Even three years later, Martha seemed to feel the need to prove her superior journalistic credentials by leaping on everyone else’s errors, as if the Bettertons might belatedly recognize
her eye for detail and appoint her to her rightful role. As that was yet to happen, the more insecure she felt, the more she micro-managed the rest of us. Or tried to. Ticky and Noonoo were equally
impervious as Amanda and just ignored her. Lysander had little time for her, and nor did Flickers.
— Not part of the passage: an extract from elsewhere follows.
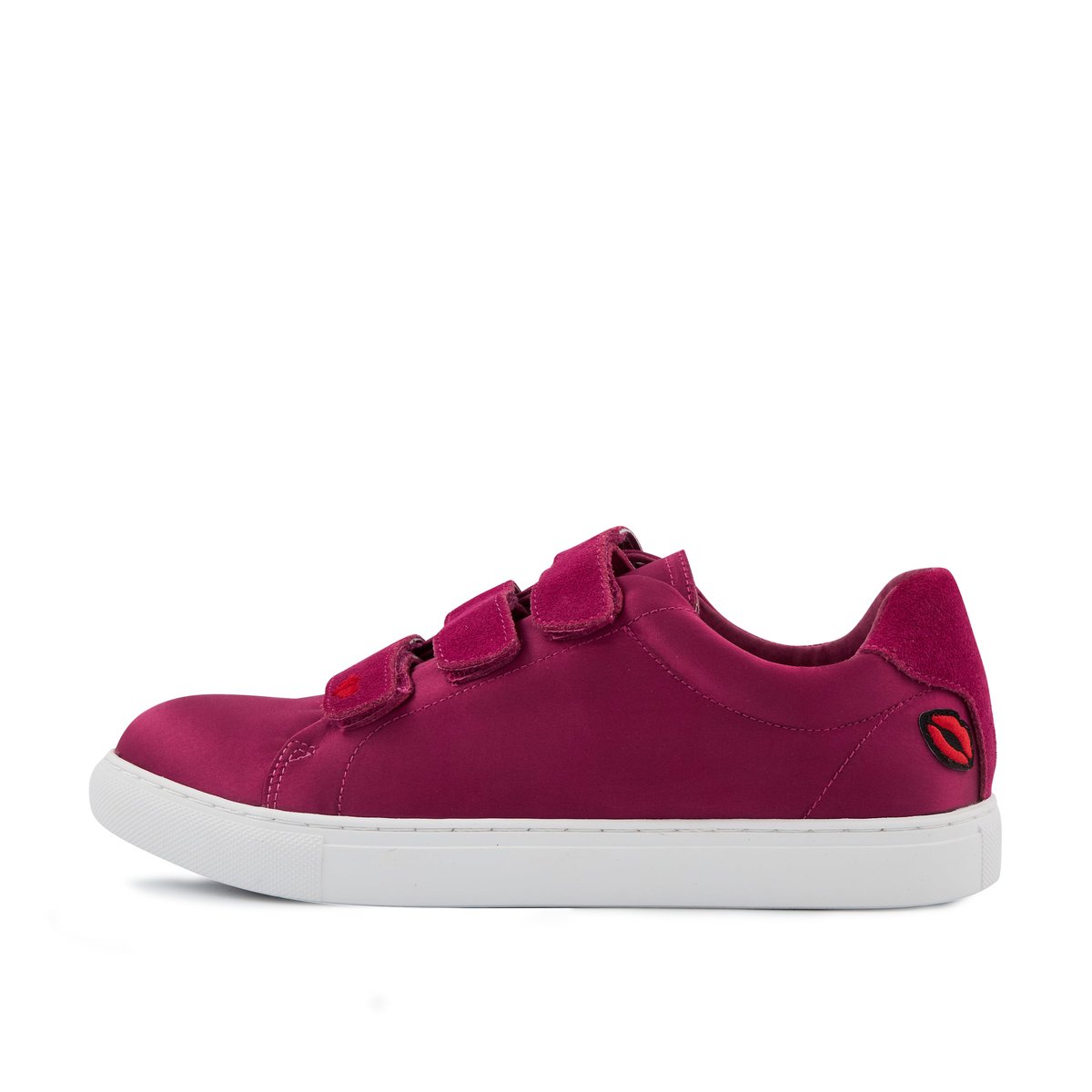 Baskets en tissu Edith Satin Amour Framboise framboise, BONS BAISERS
Which meant that the focus for most of her dissatisfaction was me.

I hadn’t helped myself by failing to spot that our art director Jeremy had switched, after a long and drunken lunch, two captions in the proofs for the December issue, so that a Christmas
cake was referred to as ‘His Royal Highness the Prince of Wales’ while our future monarch was labelled ‘A nutty organic fruitcake’. The resulting press furore, and numerous
cancelled subscriptions, had been probably Martha’s happiest time at
Country House
since Amanda’s appointment. Jeremy and I had shared the blame, while Martha grabbed the
triumph.

These days I checked everything three times and now, under Martha’s watchful eye, I bent my head over the proofs once again.

4

Auntie Lyd’s two remaining PGs appeared to have a complete inability to sleep beyond the first glimmer of dawn. Despite my being the only person in the house who needed
to get up for work on a regular basis, in my short time there I’d discovered I was the latest riser by several hours. I would wake most mornings to the heavy clunk of the water pipes as the
boiler warmed up for Percy Granger’s usual 5 a.m. shower. This early alarm call told me I had two hours until I needed to get up, but I found I rarely went back to sleep. Although rolling
myself back up in the duvet should have felt decadent and lazy, instead I felt trapped in a cocoon of obsessive thoughts about Martin. I found I could whip myself up into a frenzy of fury by
remembering everything he ever did to hurt me or betray me; I replayed scene after scene in my head until the repetition made me weep at the very tedium of my own thoughts. I imagined him romping
with his new girlfriend in the en suite bathroom – a scene which I enjoyed ending by having them both slip on a fat slug of her Herbal Essences shampoo, injuring themselves horribly. But it
was no comfort from the awful truth, which was that the clanking of the pipes woke me, each morning, from dreams in which Martin and I were still together.